Vegan tzatziki. Yep, I did it—and before I dive into this recipe, I feel like I owe an apology to my family. I must admit making this dip didn’t feel right. It was like I was cheating on my Greek family . . . but then I tried it. Oh my gosh: it’s pretty damn close to the real deal and so flavorful. Suddenly my guilt evaporated, and I was surprisingly happy that I made it!
This dish is traditionally vegetarian and often accompanies me at the table with all my vegetable recipes. I decided why not make it vegan and add it to my list of plant-based recipes that everyone must have, and I certainly do not regret it. It doesn’t lack flavor, creaminess or strength. It’s completely balanced with the amounts of fat, acidity and salt—I know you will love it!

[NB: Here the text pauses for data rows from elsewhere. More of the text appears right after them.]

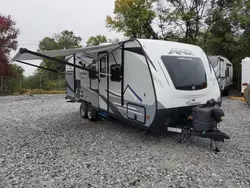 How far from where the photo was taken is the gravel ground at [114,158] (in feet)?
10.4

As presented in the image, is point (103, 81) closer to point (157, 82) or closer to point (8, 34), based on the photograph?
point (157, 82)

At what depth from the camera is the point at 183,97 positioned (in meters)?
4.62

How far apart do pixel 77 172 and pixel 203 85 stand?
11.3 ft

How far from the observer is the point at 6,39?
14.9 metres

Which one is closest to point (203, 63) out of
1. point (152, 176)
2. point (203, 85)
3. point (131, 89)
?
point (203, 85)

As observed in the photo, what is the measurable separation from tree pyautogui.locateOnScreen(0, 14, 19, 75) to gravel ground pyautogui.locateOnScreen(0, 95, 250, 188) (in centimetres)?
975

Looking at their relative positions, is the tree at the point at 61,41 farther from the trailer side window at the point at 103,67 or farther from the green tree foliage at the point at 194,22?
the trailer side window at the point at 103,67

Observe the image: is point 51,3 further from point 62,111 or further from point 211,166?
point 211,166

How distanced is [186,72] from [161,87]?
87cm

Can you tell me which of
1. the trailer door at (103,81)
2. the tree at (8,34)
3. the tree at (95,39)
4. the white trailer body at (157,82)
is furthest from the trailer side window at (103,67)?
the tree at (95,39)

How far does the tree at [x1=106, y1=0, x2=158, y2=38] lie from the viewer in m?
16.6

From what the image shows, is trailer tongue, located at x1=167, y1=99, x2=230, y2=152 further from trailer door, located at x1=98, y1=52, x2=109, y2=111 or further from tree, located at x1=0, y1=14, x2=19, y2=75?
tree, located at x1=0, y1=14, x2=19, y2=75

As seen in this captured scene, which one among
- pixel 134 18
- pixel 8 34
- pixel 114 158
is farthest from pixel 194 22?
pixel 114 158

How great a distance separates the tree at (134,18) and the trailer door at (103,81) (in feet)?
37.4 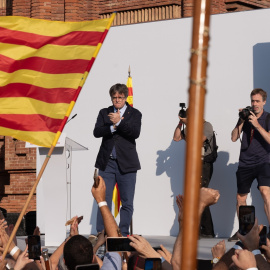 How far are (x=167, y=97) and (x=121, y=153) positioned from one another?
2.18m

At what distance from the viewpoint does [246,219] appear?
10.8 feet

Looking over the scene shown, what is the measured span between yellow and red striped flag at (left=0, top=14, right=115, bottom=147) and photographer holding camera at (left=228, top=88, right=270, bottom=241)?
109 inches

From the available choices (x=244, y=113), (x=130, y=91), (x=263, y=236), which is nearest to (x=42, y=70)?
(x=263, y=236)

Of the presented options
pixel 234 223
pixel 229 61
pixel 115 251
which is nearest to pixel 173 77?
pixel 229 61

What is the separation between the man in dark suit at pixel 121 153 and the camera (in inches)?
277

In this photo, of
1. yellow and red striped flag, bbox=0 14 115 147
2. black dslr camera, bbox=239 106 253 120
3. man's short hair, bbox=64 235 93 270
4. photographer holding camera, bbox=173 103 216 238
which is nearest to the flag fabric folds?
photographer holding camera, bbox=173 103 216 238

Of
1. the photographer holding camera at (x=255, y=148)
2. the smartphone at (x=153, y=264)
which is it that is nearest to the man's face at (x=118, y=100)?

1 cup cashews, soaked for at least 2 hours
1/4 cup lemon juice
3 Tbsp sesame tahini
3 garlic cloves
1/2 cup water (add less or more for preferred consistency)
Salt and pepper, to taste
1 cup cucumber, grated, excess liquid squeezed out
1/4 cup fresh dill, finely chopped
1/2 Tbsp mint, finely chopped (optional)
2 to 3 Tbsp extra-virgin olive oil
Add cashews, lemon juice, tahini, garlic, water and salt and pepper to food processor and blend until very smooth, scraping down sides as necessary.
Remove mixture from processor and transfer to large mixing bowl. Add cucumber, dill, mint (if using) and olive oil and stir until well combined. Adjust seasonings as desired.
Serve with salads, falafel, fresh veggies or your favorite crackers, or store in tightly sealed jar in refrigerator for up to 1 week.